§ Description of the task: Write each line below back out exactly, omitting its pictures.

· · · · · · ·

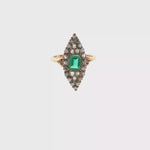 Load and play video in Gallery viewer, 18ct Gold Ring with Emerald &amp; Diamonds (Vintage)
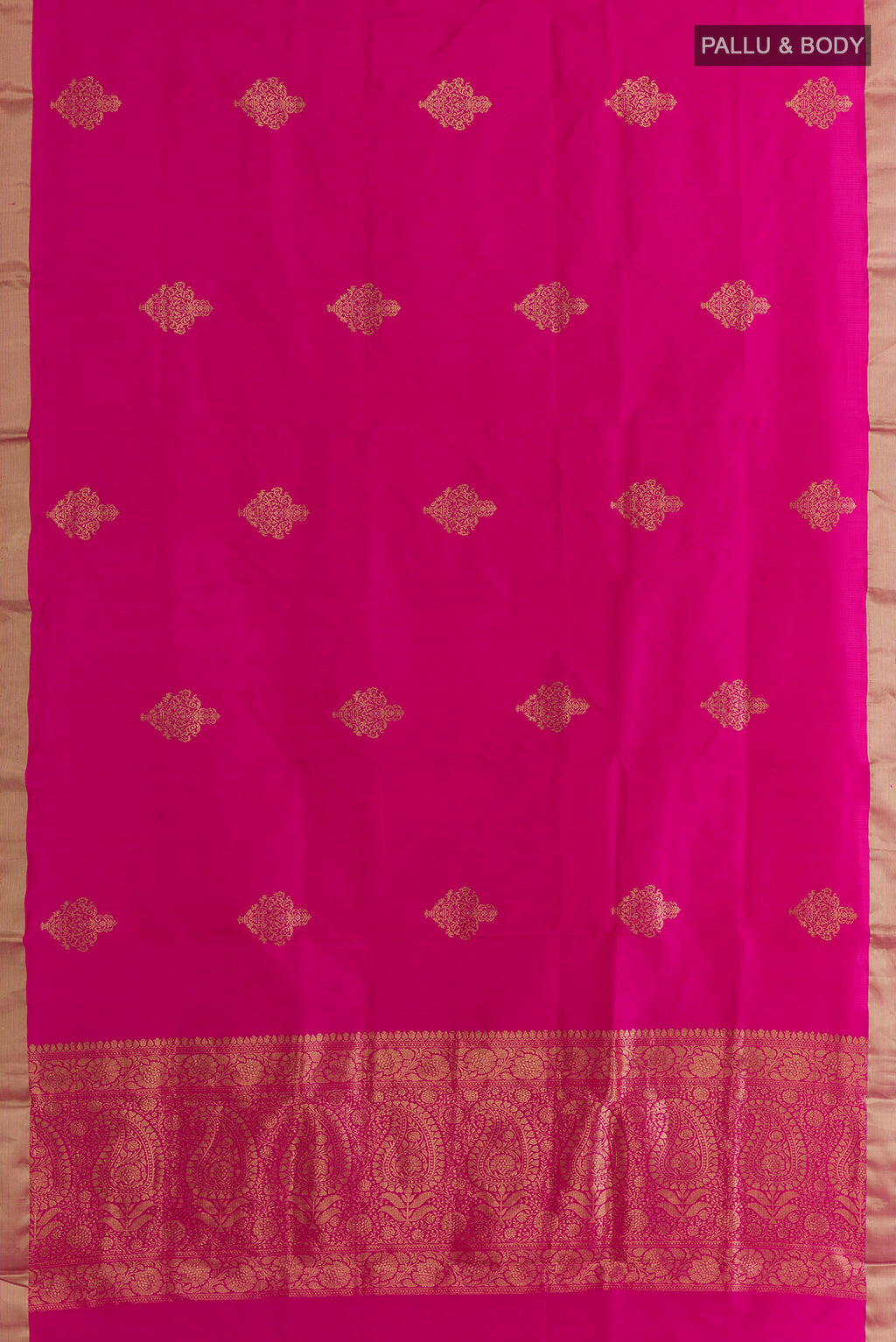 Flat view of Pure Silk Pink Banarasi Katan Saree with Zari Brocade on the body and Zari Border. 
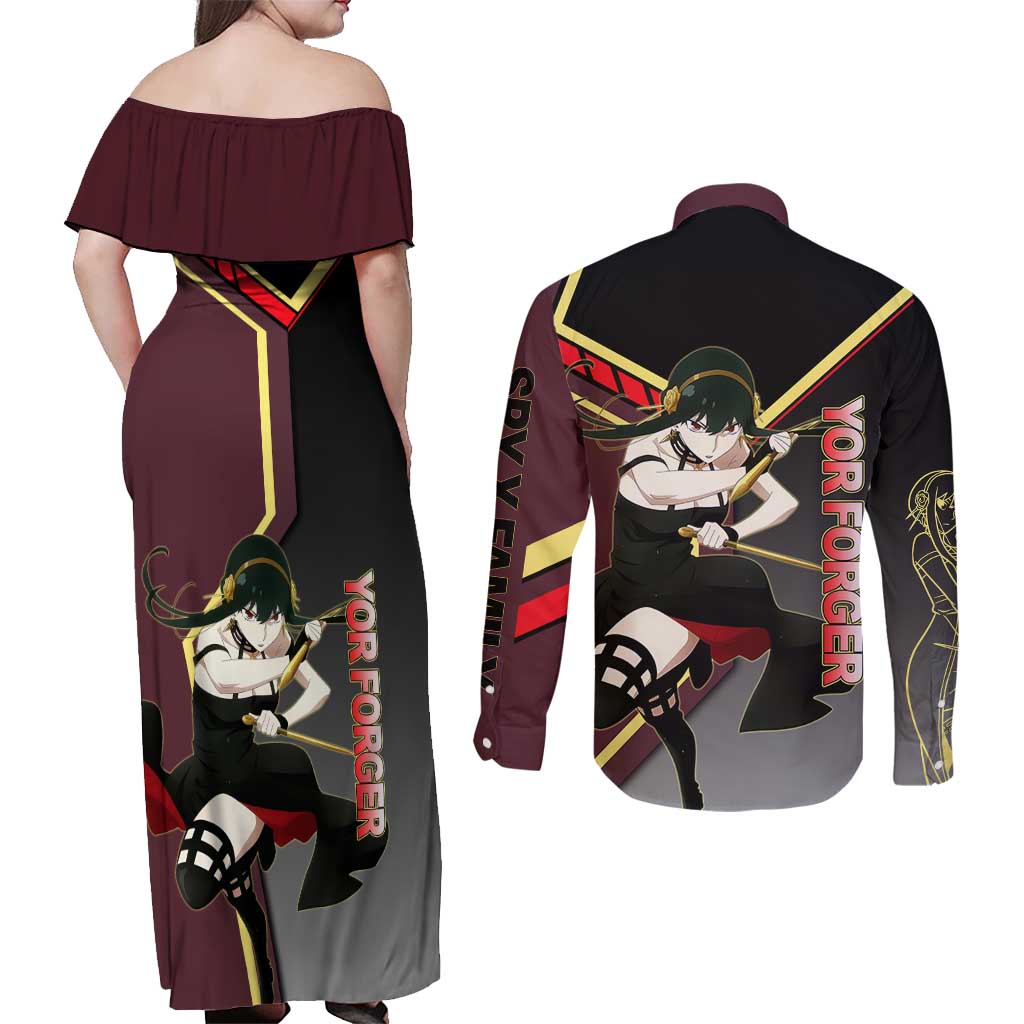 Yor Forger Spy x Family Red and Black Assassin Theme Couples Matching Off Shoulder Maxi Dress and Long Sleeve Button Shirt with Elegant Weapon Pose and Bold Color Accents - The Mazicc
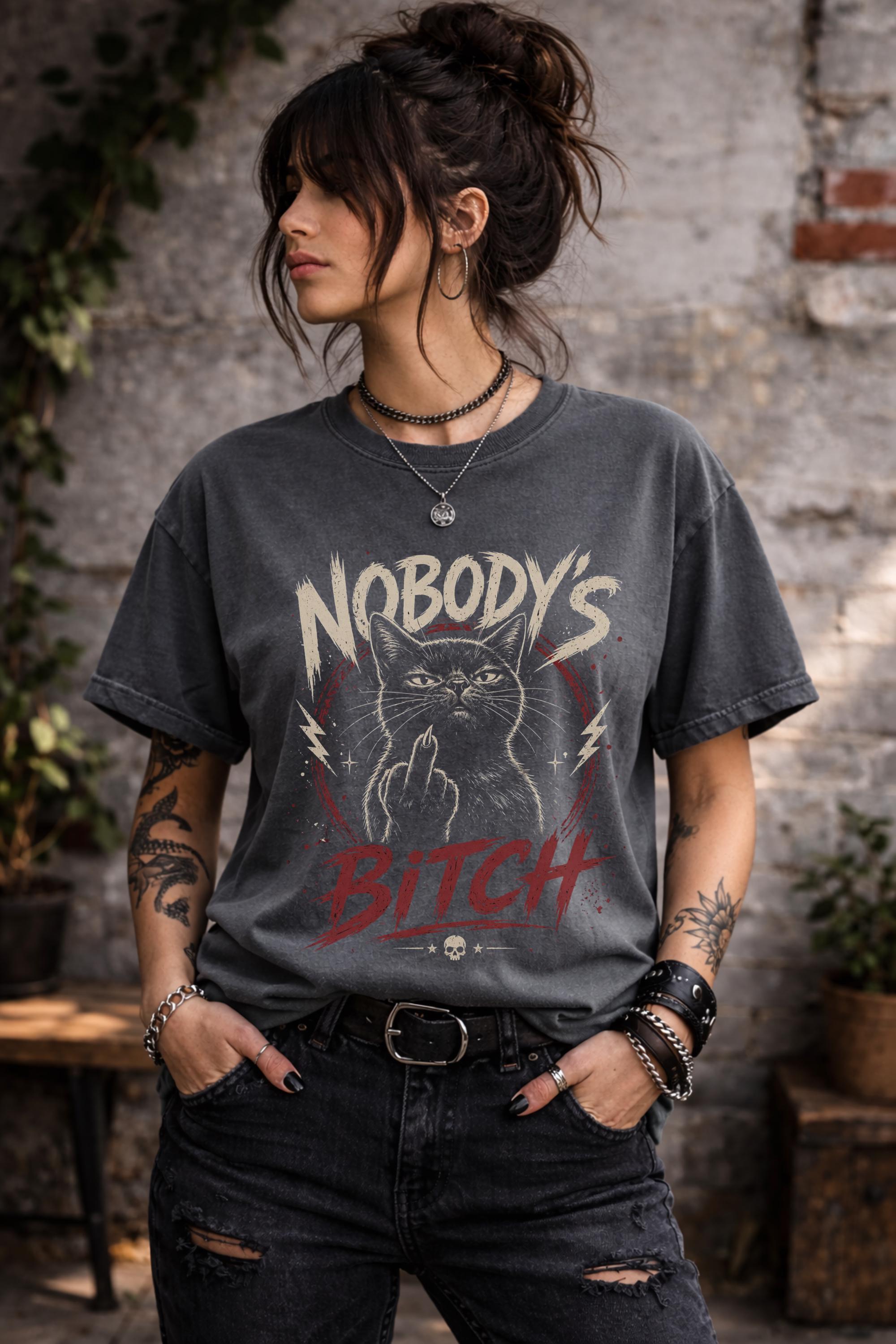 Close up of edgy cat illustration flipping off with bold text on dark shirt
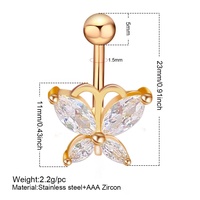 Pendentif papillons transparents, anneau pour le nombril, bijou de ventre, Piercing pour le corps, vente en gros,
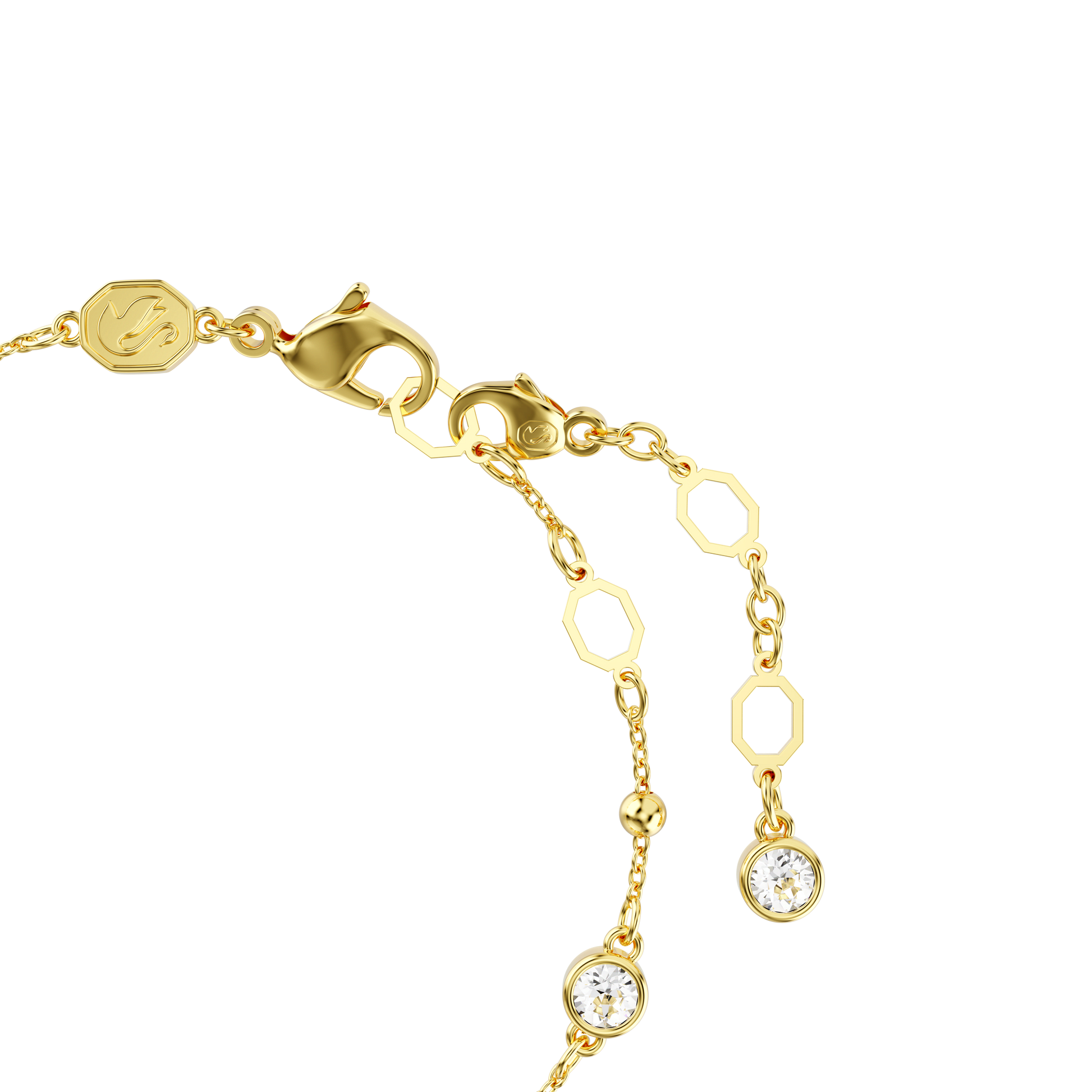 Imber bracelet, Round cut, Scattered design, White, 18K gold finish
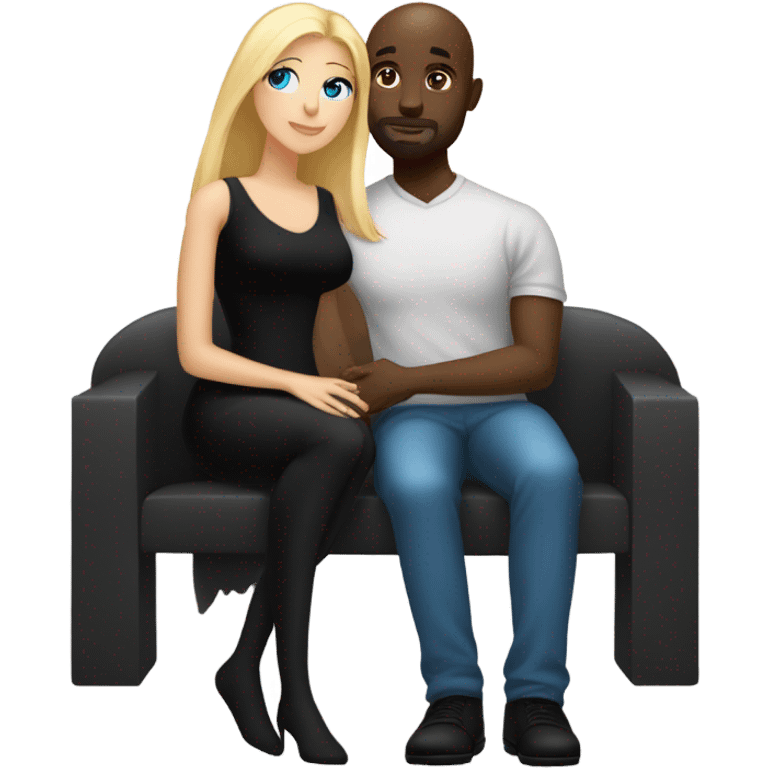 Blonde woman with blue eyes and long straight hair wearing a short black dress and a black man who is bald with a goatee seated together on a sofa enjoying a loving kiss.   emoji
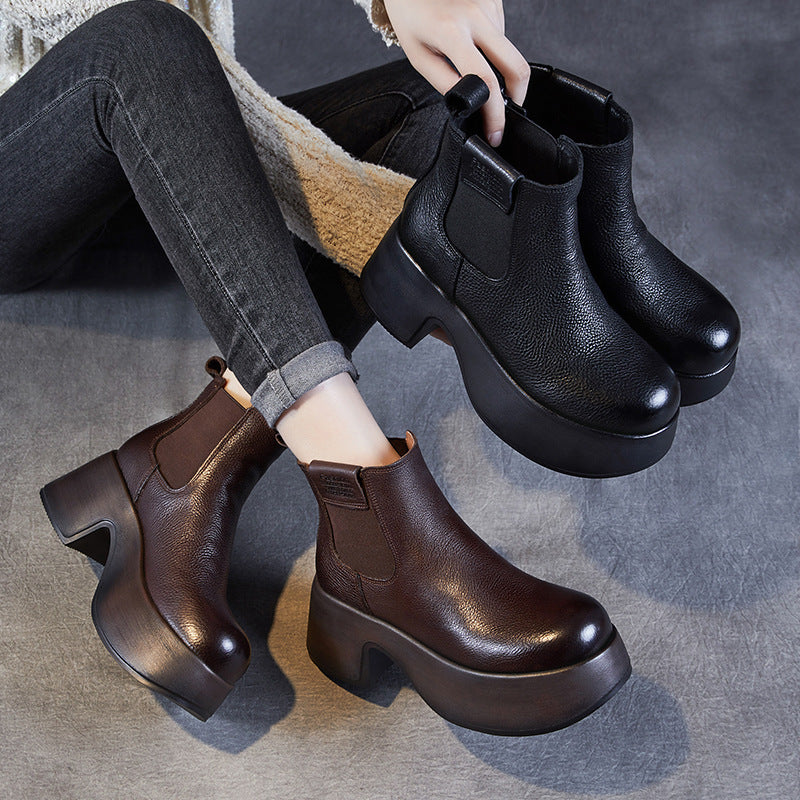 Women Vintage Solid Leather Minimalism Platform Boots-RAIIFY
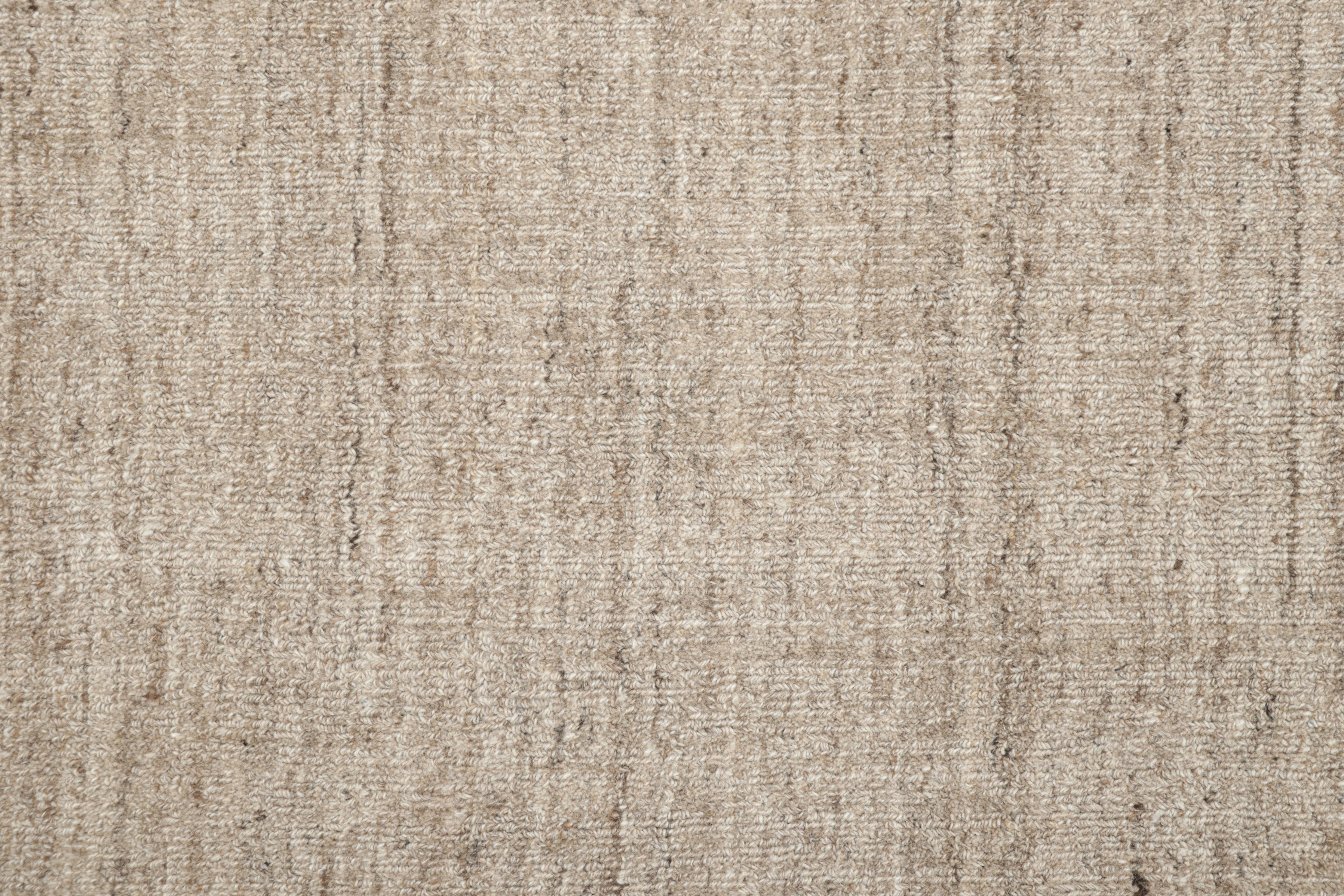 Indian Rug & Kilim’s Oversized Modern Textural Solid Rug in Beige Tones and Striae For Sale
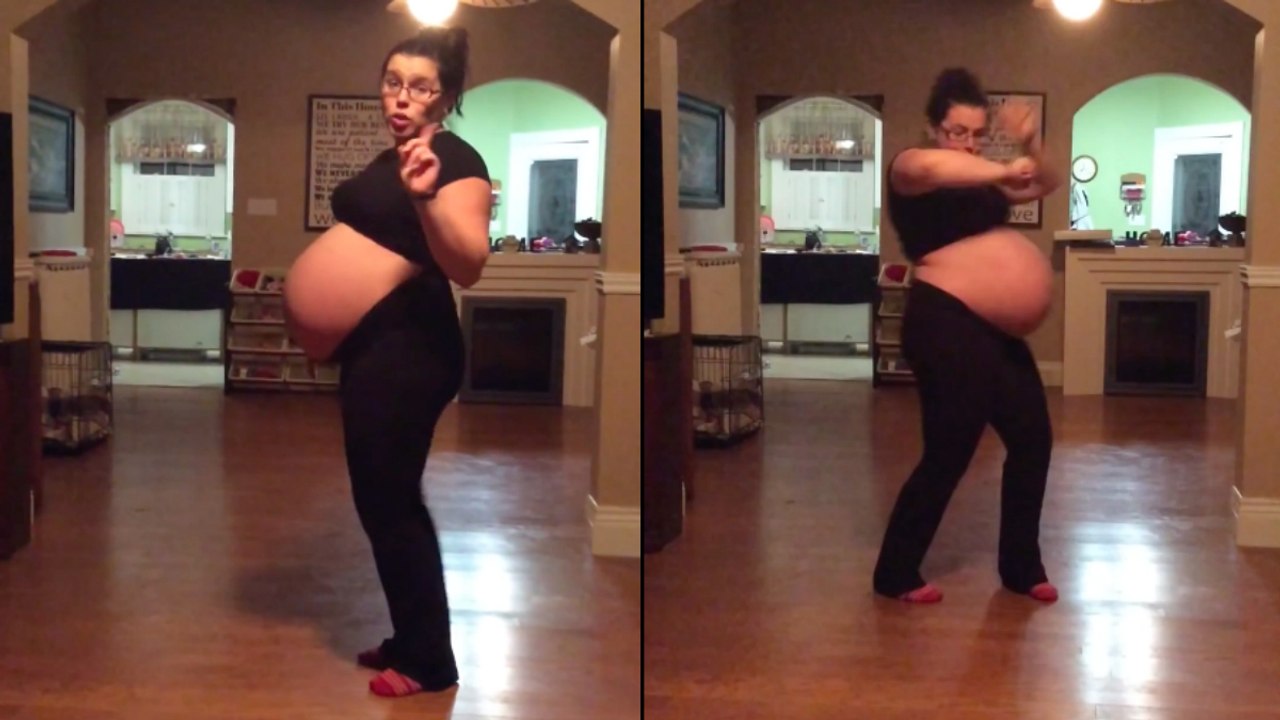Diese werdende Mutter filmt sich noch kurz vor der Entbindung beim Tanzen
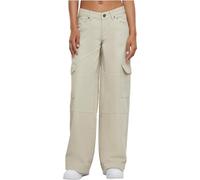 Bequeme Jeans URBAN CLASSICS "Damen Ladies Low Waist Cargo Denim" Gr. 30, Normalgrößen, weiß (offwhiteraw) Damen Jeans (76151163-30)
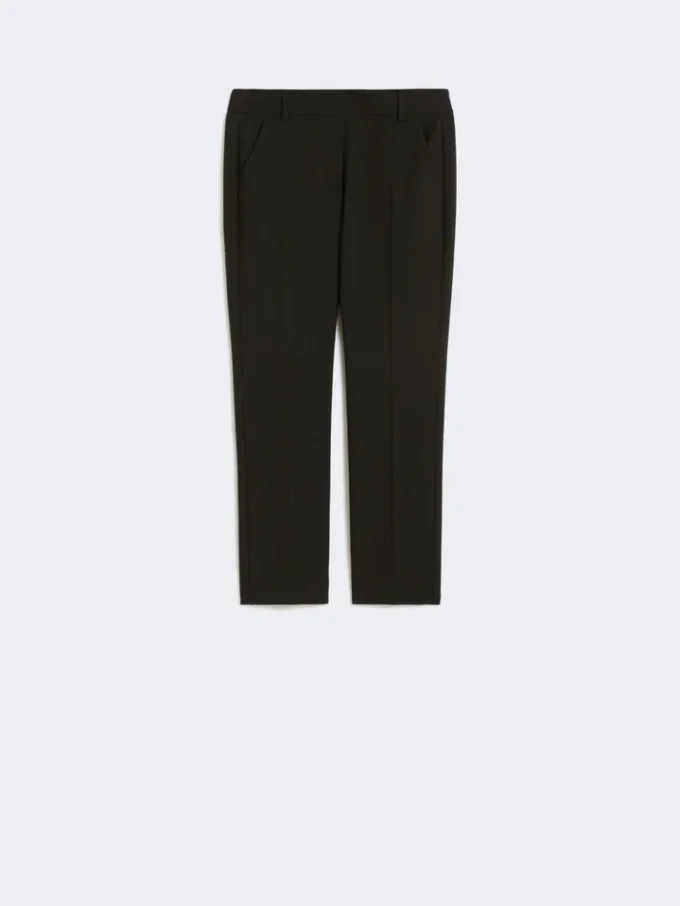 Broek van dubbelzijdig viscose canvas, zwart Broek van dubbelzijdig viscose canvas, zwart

· · · · · · ·

§ Output of the exercise:
 Load and play video in Gallery viewer, 18ct Gold Ring with Emerald &amp; Diamonds (Vintage)
 Flat view of Pure Silk Pink Banarasi Katan Saree with Zari Brocade on the body and Zari Border. 
 Yor Forger Spy x Family Red and Black Assassin Theme Couples Matching Off Shoulder Maxi Dress and Long Sleeve Button Shirt with Elegant Weapon Pose and Bold Color Accents - The Mazicc
 Close up of edgy cat illustration flipping off with bold text on dark shirt
 Pendentif papillons transparents, anneau pour le nombril, bijou de ventre, Piercing pour le corps, vente en gros,
 Imber bracelet, Round cut, Scattered design, White, 18K gold finish
 Blonde woman with blue eyes and long straight hair wearing a short black dress and a black man who is bald with a goatee seated together on a sofa enjoying a loving kiss.   emoji
 Women Vintage Solid Leather Minimalism Platform Boots-RAIIFY
 Indian Rug & Kilim’s Oversized Modern Textural Solid Rug in Beige Tones and Striae For Sale
Diese werdende Mutter filmt sich noch kurz vor der Entbindung beim Tanzen
 Bequeme Jeans URBAN CLASSICS "Damen Ladies Low Waist Cargo Denim" Gr. 30, Normalgrößen, weiß (offwhiteraw) Damen Jeans (76151163-30)
 Broek van dubbelzijdig viscose canvas, zwart Broek van dubbelzijdig viscose canvas, zwart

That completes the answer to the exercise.